The real annoying part of CDs was the failure rate. It could be the medium, the burner, or the software, but it always seemed you’d spend time waiting for the data to be saved to a more “permanent” source, and it would finally pop up with an error and the whole disk is now trash. Kind of glad that tech is now obsolete. I think you could redo a read/write a few times, but they had similar issues and it was a pain.


Mint is one of the more “Windows-like” versions of Linux. The deal breaker for Linux usually isn’t the OS, but what software you’ll run on the OS, and often a crucial one will be MS Office and compatibility with the proprietary junk that comes with it. If you need just a spreadsheet and word processor and they don’t have to be 100% MS compatible, then LibreOffice will work fine (even ON WIndows). If it’s other types of software, then see if they have a Linux option, or if there’s success in using Wine or Lutris to run it on Linux.
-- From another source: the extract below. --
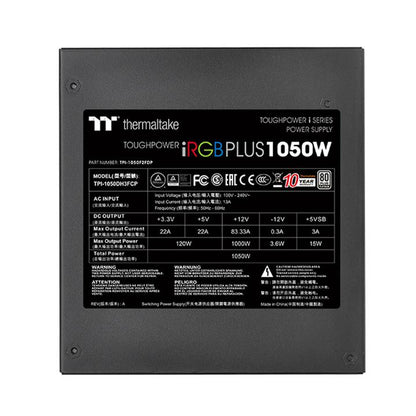 Toughpower iRGB PLUS 1050W Platinum - TT Premium Edition
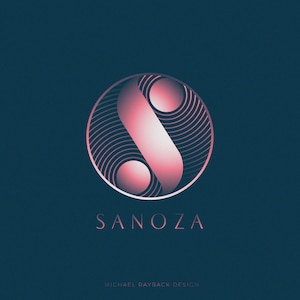 Design de logotipo celestial - Design minimalista - Logotipo Sun - Logotipo mínimo - Logotipo Galaxy - Logotipo de linha - Logotipo personalizado - Logotipo da letra S - Logotipo redondo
Linux won’t be without some learning curve, but it’s not nearly as steep as it used to be. I spent years occasionally playing with dual boots of different distros but not really using them, but last year found some things that would run better on Linux (I started by using WSL on Windows but it’s so slow because of what it is). Now I’ve all but completely remove my Windows partition, everything important is now moved over to my Ubuntu and I do not want to go back now.